_What is being asked_
Copy every line of the data below exactly as given, except for the pictures.

··· Exercise data

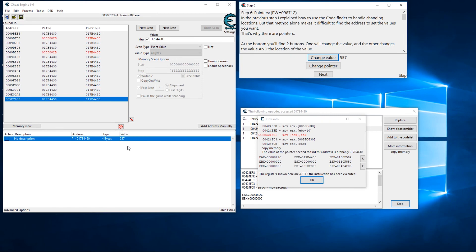After unfreezing, we can see the value is still updating with the address after the pointer changed — our value is still updating. That's how pointers work at a very basic level. I'll have a dedicated video for step 8 covering multi-level pointers, different offsets, and finding different addresses. I hope this video has been helpful — if you have any questions please leave a comment below, and stay tuned for the next video.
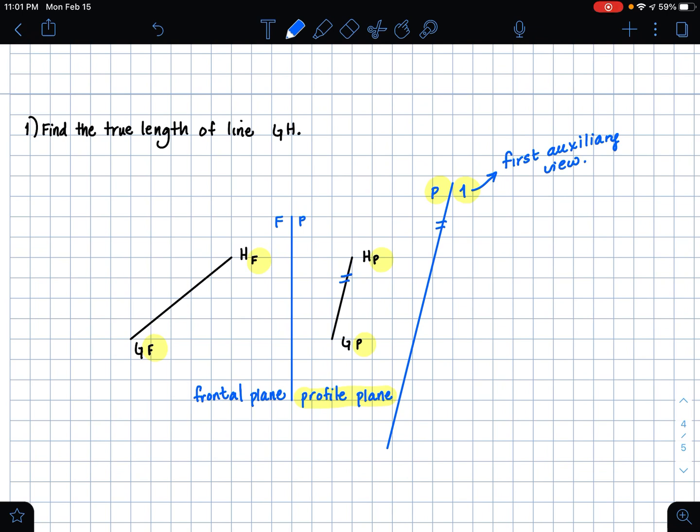So that is the first step. The second step is to create extension lines that are perpendicular to our P1 folding line. We want these extension lines to go off either point of our GH line — so we want to make extension lines off of point H and point G.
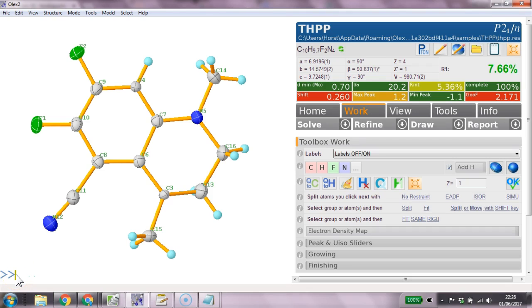Hello. In this video I would like to show you how to solve and refine this structure THPP that's shipped with OLEX2 without the mouse.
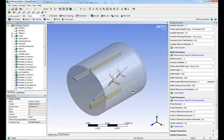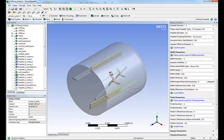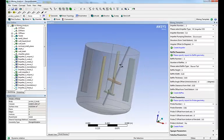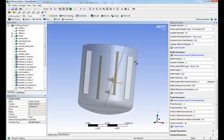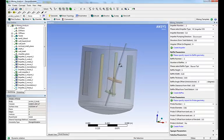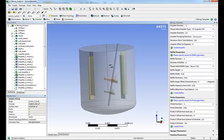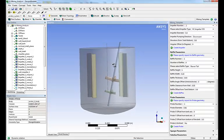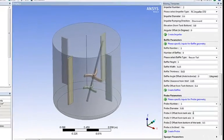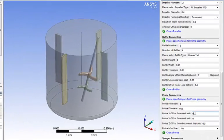Next we set up the probe. Same ideas. Enter the dimension and the location. Click create probe. We're actually going to inspect our geometry. And I'm just realizing that I didn't place the baffle at the right position.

······

_Output for this exercise_
After unfreezing, we can see the value is still updating with the address after the pointer changed — our value is still updating. That's how pointers work at a very basic level. I'll have a dedicated video for step 8 covering multi-level pointers, different offsets, and finding different addresses. I hope this video has been helpful — if you have any questions please leave a comment below, and stay tuned for the next video.
So that is the first step. The second step is to create extension lines that are perpendicular to our P1 folding line. We want these extension lines to go off either point of our GH line — so we want to make extension lines off of point H and point G.
Hello. In this video I would like to show you how to solve and refine this structure THPP that's shipped with OLEX2 without the mouse.
Next we set up the probe. Same ideas. Enter the dimension and the location. Click create probe. We're actually going to inspect our geometry. And I'm just realizing that I didn't place the baffle at the right position.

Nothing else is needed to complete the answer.